The jummah services I attend every Friday are held on the campus of an Ivy League university, with a mix of students, faculty and community members from the surrounding area. Some days, I feel more spiritual, other days I feel like I’m going through the motions. Last Friday there was a light drizzle of rain.
There are often students cramming in the corner for homework that needs to be turned in in a few hours, or eating lunch, in the minutes before the prayer. Sometimes there is a baby that captures the attention of the room. On this particular day, an elderly gentleman placed a box of baklava on the table and I helped myself to a few.
Just hours before, thousands of miles away, a man had walked into two mosques and murdered 50 people and injured countless others. With a GoPro mounted to his head, he livestreamed the carnage, which was downloaded, shared and watched thousands of times. Tech companies and the police are working on removing the footage, but it is too late: Everything on the Internet is forever. Violence against non-white people stays readily available in a morbid archive of mass mutilation, a white supremacist videodrome.
Rhode Island is a small state, and so everyone here was more than likely connected to other groups—family or friends, maybe across the globe, maybe across the country—attending their own jummah services and dealing with their own feelings. I can’t pretend to know what everyone in the room was thinking last Friday, but I do know that what I was feeling was guilt. Guilt that I did not instantly break down on hearing the news, seemingly desensitized by this having happened two years prior in Quebec City, and two years before that in Chapel Hill. I sought out community that day in part because I wanted to be surrounded by people who, like me, understand the experience of grieving the deaths of your people, over and over again.

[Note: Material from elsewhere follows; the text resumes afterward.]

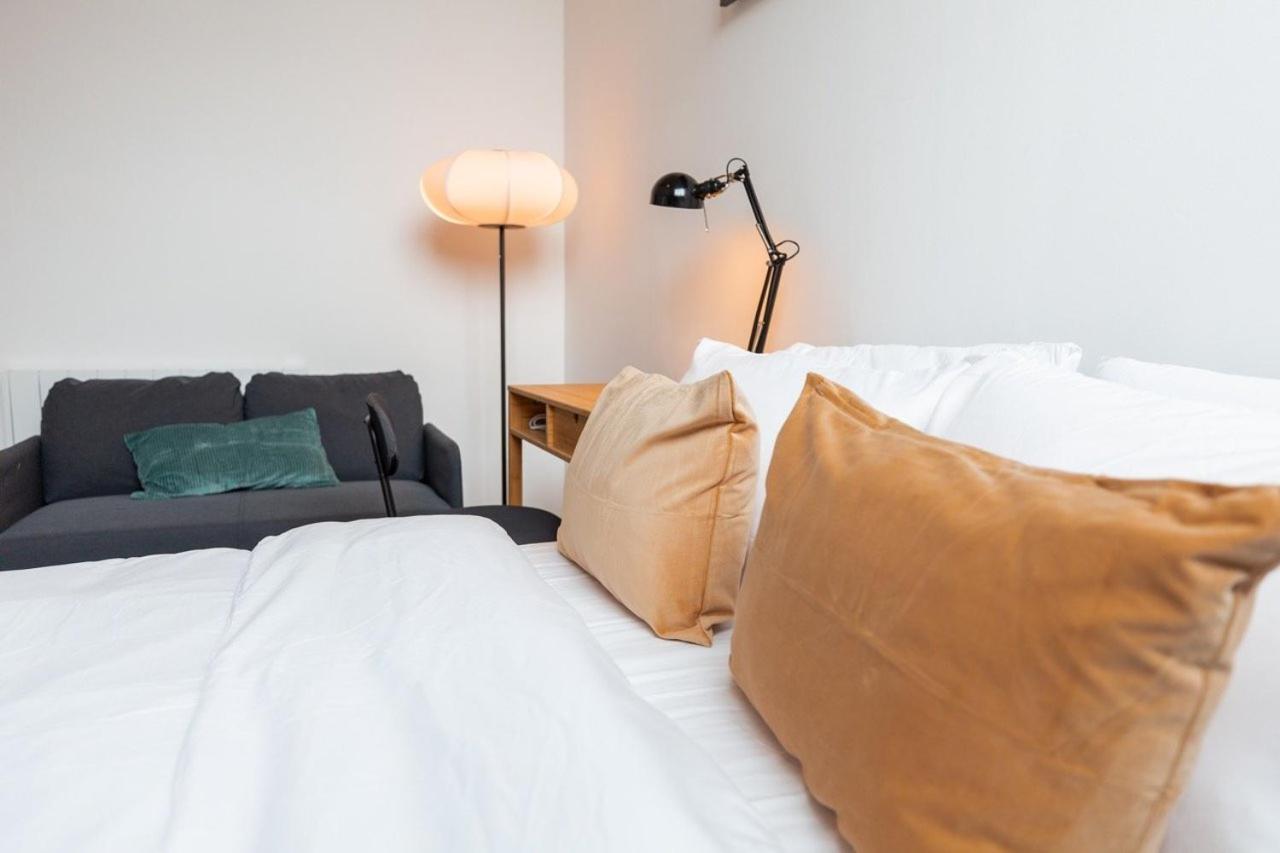 Stylish Comfort In London ฟินชืลีย์ ภายนอก รูปภาพ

In the hours since the tragedy in Christchurch, politicians have put out statements that omit the word “muslim” or “islamophobia” and vaguely reference “a tragedy,” often using words that would be more appropriate for a traffic accident than for an act of intentional, premeditated mass murder. Hours after we had completed our prayers in Providence, 180 miles to the south, two young women—Leen Dweik and Rose Asaf, a Palestinian Muslim and a Jewish American-Israeli—confronted Chelsea Clinton at a New York University vigil for the Christchurch victims. How could she show up at this vigil, Dweik asked Clinton, when she had contributed to the vilification of Muslim U.S. Representative Ilhan Omar only weeks before.

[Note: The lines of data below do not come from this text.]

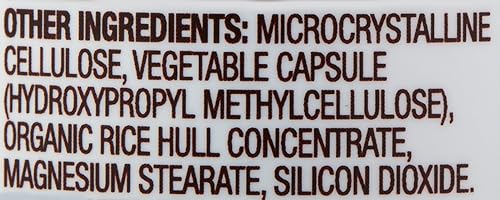 AMAZON ELEMENTS VITAMIN K₂ 100 MCG, 65 CAPSULES
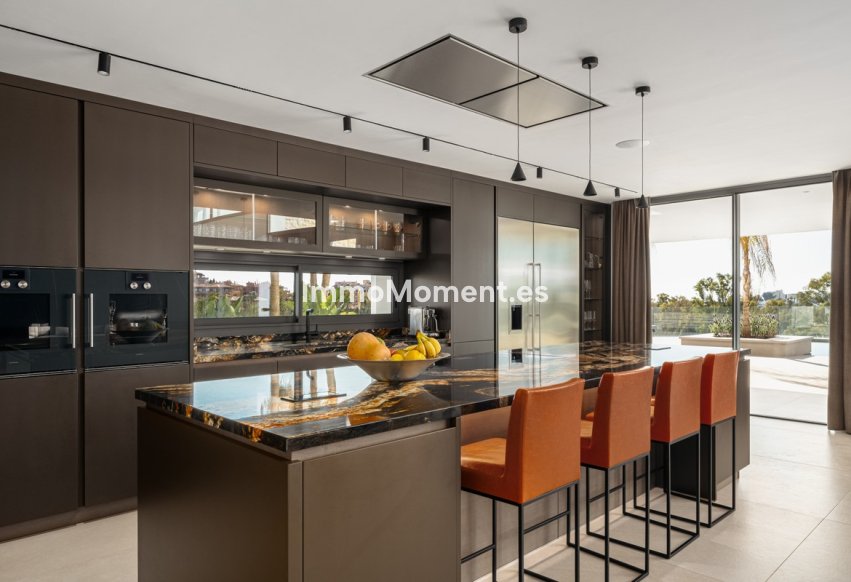 Bestaande woning - Villa - Benahavís - Benahavís Centro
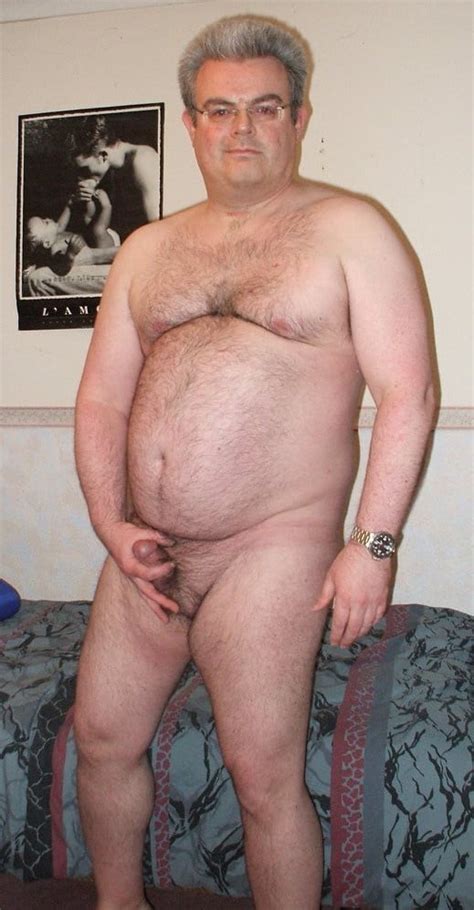 Hairy And Handsome Big Belly Daddy 24 Pics Xhamster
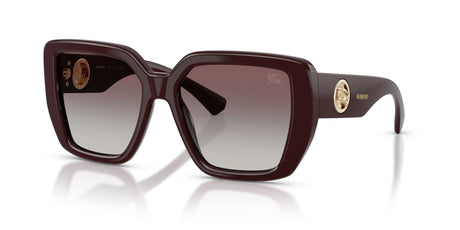 Burberry 0BE4471 42048G 54 Bordeaux/ Grey Gradient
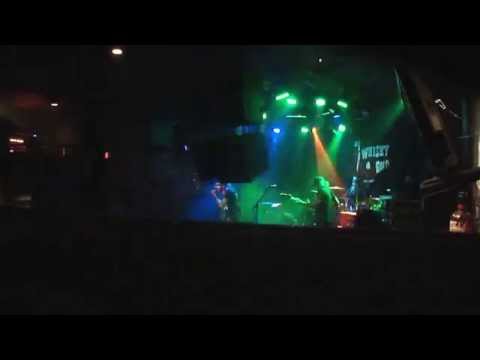 DUG PINNICK BILLY SHEEHAN PHIL X SUPERSTITION THE WHISKY A DAY FOR CHARLOTTE 8/17/2015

Dweik shared the video of the encounter with Clinton online, prompting a fresh wave of conflict. Much of the outrage came from those who live in a dunya where the 2016 elections never end. How dare these students blame Chelsea Clinton, figurehead of the Democratic Party, and a pregnant woman, for this massacre! Such outrage was in short supply when, after Abdulrahman al-Awlaki was killed in 2011 by a US drone strike, former Obama press secretary Robert Gibbs opined that the 16-year-old Abdulrahman should have had “a far more responsible father.”
Muslims are such a demonized group, the campaign against them so explicit, that the mere acknowledgment of their presence uncomfortably connects the dots between the shootings at home and the drone strikes abroad. Sympathy for Muslims has to be justified, qualified with statements punctuated with the word “peaceful”. Our place is reaffirmed in talk about belonging and citizenship, but few stop to ask whom citizenship excludes, and how the contentious definition of citizenship—the fear of migrant hordes overrunning society—contributed to these deaths.
Without an appreciation for the identity of those who died, the mosque is no longer a sacred place: It is transformed in the public imagination from a place of holy worship to a crime scene. But remember that these are cherished spaces where people find comfort, joy and solace in the presence of God and community every day; people take classes, play sports, get married, eat and break fast, and above all pray together. We cannot pay respect to mosque as a sacred site until we understand the narratives of the people who worship there.
Some days the concept of a global Muslim community or ummah seems more aspirational than real. But the people in Christchurch, as well as the teenage Somali hijabis who are setting fashion trends in the hallways of schools in Minneapolis, the Yemeni bodega owner who serves up a mean chopped cheese in Harlem, the Iranian family in Tehran and Los Angeles celebrating Nooruz over WhatsApp, and the young women who confronted Chelsea Clinton—these are my people; and as the poet, Fatimah Asghar says in her poem “If they come for us”, mashallah, I claim them all.